ASSIGNMENT: The entries below contain a line with "A framed photograph" and a line with "A 9CT GOLD SAPPHIRE". Retype exactly everything from the first down to the second, both included, and nothing else.

────

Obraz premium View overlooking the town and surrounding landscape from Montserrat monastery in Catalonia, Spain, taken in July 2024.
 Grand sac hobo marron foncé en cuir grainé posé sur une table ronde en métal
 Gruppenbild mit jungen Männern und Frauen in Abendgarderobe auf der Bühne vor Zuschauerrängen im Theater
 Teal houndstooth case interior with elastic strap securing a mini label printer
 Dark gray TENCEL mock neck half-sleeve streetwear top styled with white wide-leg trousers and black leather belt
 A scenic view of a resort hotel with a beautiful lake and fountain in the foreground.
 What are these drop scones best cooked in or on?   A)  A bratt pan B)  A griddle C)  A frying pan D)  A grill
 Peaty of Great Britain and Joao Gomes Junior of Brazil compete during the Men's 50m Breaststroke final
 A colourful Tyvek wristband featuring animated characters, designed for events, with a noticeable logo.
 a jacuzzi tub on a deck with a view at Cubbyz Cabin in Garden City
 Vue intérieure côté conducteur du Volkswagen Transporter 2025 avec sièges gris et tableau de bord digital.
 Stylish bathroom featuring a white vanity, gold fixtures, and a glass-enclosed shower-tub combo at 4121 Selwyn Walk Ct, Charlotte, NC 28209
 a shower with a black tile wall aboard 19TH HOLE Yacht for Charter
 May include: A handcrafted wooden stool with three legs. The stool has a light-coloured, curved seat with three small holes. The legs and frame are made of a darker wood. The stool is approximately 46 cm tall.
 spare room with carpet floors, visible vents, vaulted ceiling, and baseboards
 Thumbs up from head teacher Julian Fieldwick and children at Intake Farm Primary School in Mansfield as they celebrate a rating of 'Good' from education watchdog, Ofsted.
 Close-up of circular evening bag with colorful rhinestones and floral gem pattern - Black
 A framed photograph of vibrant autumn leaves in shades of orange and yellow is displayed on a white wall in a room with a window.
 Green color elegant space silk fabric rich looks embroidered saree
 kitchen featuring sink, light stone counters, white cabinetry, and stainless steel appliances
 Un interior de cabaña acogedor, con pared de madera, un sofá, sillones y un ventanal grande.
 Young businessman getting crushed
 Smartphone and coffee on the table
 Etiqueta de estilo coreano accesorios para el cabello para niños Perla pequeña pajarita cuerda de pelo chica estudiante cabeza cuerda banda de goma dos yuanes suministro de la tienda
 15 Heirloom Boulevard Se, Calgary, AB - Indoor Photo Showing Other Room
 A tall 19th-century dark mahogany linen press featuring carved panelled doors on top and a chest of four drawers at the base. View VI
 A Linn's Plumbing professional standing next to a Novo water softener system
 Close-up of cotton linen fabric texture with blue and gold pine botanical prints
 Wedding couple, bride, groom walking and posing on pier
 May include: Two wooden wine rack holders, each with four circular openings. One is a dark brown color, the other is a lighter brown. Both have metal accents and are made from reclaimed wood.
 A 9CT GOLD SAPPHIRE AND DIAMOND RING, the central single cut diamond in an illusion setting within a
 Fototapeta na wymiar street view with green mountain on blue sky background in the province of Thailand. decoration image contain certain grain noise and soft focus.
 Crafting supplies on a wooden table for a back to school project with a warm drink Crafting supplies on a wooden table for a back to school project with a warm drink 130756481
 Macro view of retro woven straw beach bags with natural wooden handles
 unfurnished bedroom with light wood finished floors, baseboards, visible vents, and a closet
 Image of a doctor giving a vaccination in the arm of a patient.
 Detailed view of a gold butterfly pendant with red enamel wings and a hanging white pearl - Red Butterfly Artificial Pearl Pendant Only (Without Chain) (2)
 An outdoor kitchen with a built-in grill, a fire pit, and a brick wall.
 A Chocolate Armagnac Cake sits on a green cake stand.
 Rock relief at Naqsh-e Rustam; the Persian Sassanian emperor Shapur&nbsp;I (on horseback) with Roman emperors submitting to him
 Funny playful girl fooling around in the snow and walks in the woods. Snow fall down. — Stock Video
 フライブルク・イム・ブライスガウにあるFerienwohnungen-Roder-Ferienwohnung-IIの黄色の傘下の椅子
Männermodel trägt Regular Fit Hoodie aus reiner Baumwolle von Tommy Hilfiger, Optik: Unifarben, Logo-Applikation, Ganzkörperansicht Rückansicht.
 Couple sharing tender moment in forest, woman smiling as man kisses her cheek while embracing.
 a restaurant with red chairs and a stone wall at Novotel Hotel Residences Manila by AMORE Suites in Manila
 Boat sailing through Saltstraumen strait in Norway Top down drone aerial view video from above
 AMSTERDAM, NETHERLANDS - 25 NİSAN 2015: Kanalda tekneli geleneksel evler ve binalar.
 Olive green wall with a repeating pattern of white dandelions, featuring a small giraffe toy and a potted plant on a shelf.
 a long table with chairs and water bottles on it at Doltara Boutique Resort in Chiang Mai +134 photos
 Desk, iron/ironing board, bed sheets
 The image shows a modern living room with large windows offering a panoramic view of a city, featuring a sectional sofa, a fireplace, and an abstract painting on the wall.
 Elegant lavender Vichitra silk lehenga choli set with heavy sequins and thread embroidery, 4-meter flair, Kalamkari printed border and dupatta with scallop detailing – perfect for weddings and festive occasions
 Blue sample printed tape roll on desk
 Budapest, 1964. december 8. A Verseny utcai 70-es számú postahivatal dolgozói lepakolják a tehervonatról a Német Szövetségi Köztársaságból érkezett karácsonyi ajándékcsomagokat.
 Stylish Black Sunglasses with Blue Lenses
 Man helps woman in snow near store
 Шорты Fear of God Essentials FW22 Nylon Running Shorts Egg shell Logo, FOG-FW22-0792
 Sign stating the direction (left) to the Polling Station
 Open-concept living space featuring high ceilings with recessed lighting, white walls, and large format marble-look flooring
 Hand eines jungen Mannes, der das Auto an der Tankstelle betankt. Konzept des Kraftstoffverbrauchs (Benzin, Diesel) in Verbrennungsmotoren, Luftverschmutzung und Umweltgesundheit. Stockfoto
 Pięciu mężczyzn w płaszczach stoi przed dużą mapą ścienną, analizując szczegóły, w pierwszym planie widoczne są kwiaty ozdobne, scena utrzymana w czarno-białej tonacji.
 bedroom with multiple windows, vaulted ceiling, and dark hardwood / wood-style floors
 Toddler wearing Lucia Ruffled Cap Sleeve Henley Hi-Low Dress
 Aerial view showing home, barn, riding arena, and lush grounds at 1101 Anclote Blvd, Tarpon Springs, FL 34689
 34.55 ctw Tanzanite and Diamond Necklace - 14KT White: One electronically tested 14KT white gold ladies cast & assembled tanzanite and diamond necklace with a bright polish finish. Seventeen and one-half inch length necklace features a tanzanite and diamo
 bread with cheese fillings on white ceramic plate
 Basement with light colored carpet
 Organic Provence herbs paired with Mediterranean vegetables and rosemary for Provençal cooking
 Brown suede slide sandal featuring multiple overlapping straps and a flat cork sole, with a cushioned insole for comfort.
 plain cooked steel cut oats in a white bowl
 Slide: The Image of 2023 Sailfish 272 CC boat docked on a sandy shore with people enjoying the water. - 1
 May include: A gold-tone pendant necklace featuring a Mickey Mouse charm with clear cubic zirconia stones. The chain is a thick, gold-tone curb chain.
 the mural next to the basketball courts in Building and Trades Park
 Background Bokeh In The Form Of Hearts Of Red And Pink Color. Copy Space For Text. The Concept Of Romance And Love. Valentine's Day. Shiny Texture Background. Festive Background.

────

EXPECTED ANSWER:
 A framed photograph of vibrant autumn leaves in shades of orange and yellow is displayed on a white wall in a room with a window.
 Green color elegant space silk fabric rich looks embroidered saree
 kitchen featuring sink, light stone counters, white cabinetry, and stainless steel appliances
 Un interior de cabaña acogedor, con pared de madera, un sofá, sillones y un ventanal grande.
 Young businessman getting crushed
 Smartphone and coffee on the table
 Etiqueta de estilo coreano accesorios para el cabello para niños Perla pequeña pajarita cuerda de pelo chica estudiante cabeza cuerda banda de goma dos yuanes suministro de la tienda
 15 Heirloom Boulevard Se, Calgary, AB - Indoor Photo Showing Other Room
 A tall 19th-century dark mahogany linen press featuring carved panelled doors on top and a chest of four drawers at the base. View VI
 A Linn's Plumbing professional standing next to a Novo water softener system
 Close-up of cotton linen fabric texture with blue and gold pine botanical prints
 Wedding couple, bride, groom walking and posing on pier
 May include: Two wooden wine rack holders, each with four circular openings. One is a dark brown color, the other is a lighter brown. Both have metal accents and are made from reclaimed wood.
 A 9CT GOLD SAPPHIRE AND DIAMOND RING, the central single cut diamond in an illusion setting within a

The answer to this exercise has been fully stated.